第1話「博士からの招待状」
「では、夏休み中の課題はこのプリントにまとめてあるからな。サボるなよー」
担任の長い長い話が続く中、俺──桐生 晴翔は、半ば上の空で机に突っ伏していた。すると、不意にポケットのスマホが震えた。
【メール受信】
差出人は──博士だ。
《ついにあれが完成した!》
……あれ?なんの話だ?
博士にはいろいろと無茶なゲームの要望を出してはいるが、あれと言われてもピンとこない。主語ははっきりしてほしいものだ。
「おーい晴翔、授業終わったよ!」
隣の席の篠原 美月が声をかけてきた。俺の幼馴染。穏やかで優しい性格だが、少し天然なところがある。俺はスマホをしまい、顔を上げた。
「おう。じゃ、帰るか」
帰り道、たわいもない話をしながら歩く。課題が多いだの、夏休みにどこ行くだの、そんな話だ。
途中で角を曲がると、向こうからもう一人の友人──橘 蒼真が現れた。
「おう!お前ら先に帰るなよー!」
「お前が遅いだけだろ」
そんな感じのたわいもない会話をしながら帰路につく。──この3人の関係は気楽で心地いい。
夕方、二人と別れてアパートに戻る。俺は一人暮らしだ。カップラーメンをすする傍ら、つまらないバラエティ番組をぼんやり眺めていた。
──ドン!!
突然、玄関のドアが激しい音を立てて吹き飛んだ。
「はぁ!? 何だ!?」
白衣姿の博士が芝居がかったポーズで仁王立ちしている。
「ついにあれが完成したのだよ!!」
「……いやまずドア直せよ!」
蹴飛ばされたドアを壁に立てかけながら文句を言う俺に、博士は指を立てて宣言する。
「今回の作品は私の渾身の最新作!フルダイブ型VRMMORPG、その名も──」
博士は両手を広げ、大げさに名を叫んだ。
《エターナル・オデッセイ・オンライン》
「……フルダイブ型?」
「その通り!と言っても、まだ市販化はしていない。私が開発したプロトタイプ筐体が4台あるだけだがね」
「マジかよ……」
博士は天才だ。冗談みたいな話だが、世界初のフルダイブ型筐体ごと作り上げてしまった。さすがだと思う反面、どこか嫌な予感がしてくる。
「……で、また依頼か?」
これまで何度も博士のゲームをテストしてきた。今回もいつも通りのアルバイト感覚で受けるつもりだった。だが、今回は少し違った。

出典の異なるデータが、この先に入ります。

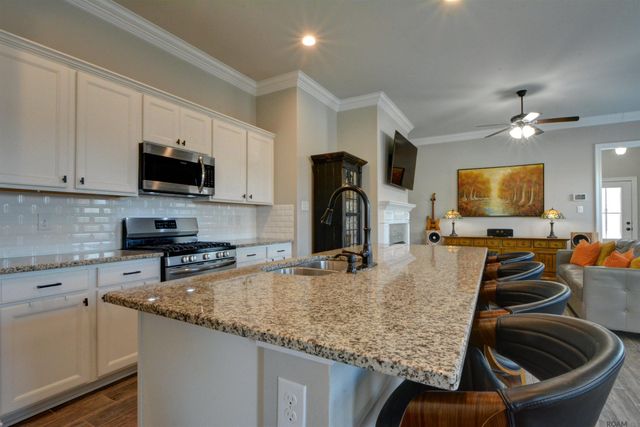 6151 Lake Edge Dr, Baton Rouge, LA 70820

「実はだな……先に助手の如月 結菜くんがテストプレイに入っているのだが──」
博士は珍しく真面目な顔で続ける。
「初期段階で、うっかりログアウト機能を仕込み忘れてしまってね。彼女が中から出られなくなってしまったのだ」
「は? ……何やってんだよ博士!!」
またかよ……。博士は本当に天才だが、毎回何かしら致命的に抜けている。
「今はログアウト機能は正常に実装済みだ。これから入る君たちはいつでも出入り可能だ。しかし結菜くんだけは……魔王を倒さないと強制ログアウトされない仕様になってしまっていてね」
「……つまり、魔王を倒して結菜さんを助ければいい、と」
「そういうことだ。もちろん、命懸けのデスゲームではない。死亡しても最後に立ち寄った街で復活できる。ただしレベルは5下がるがな」
「……はぁ。で、いくらくれるんだ?」
「いつもより報酬ははずむ。特別手当も支払おう」
俺は少し考えたあと言った。
「あと2台筐体があるんだろ? 友達を誘ってもいいか?」
「もちろんだとも!その友達にもアルバイト代は出すよ」
博士はニッと笑った。
──こうして、俺たちの新しい冒険が始まることになった。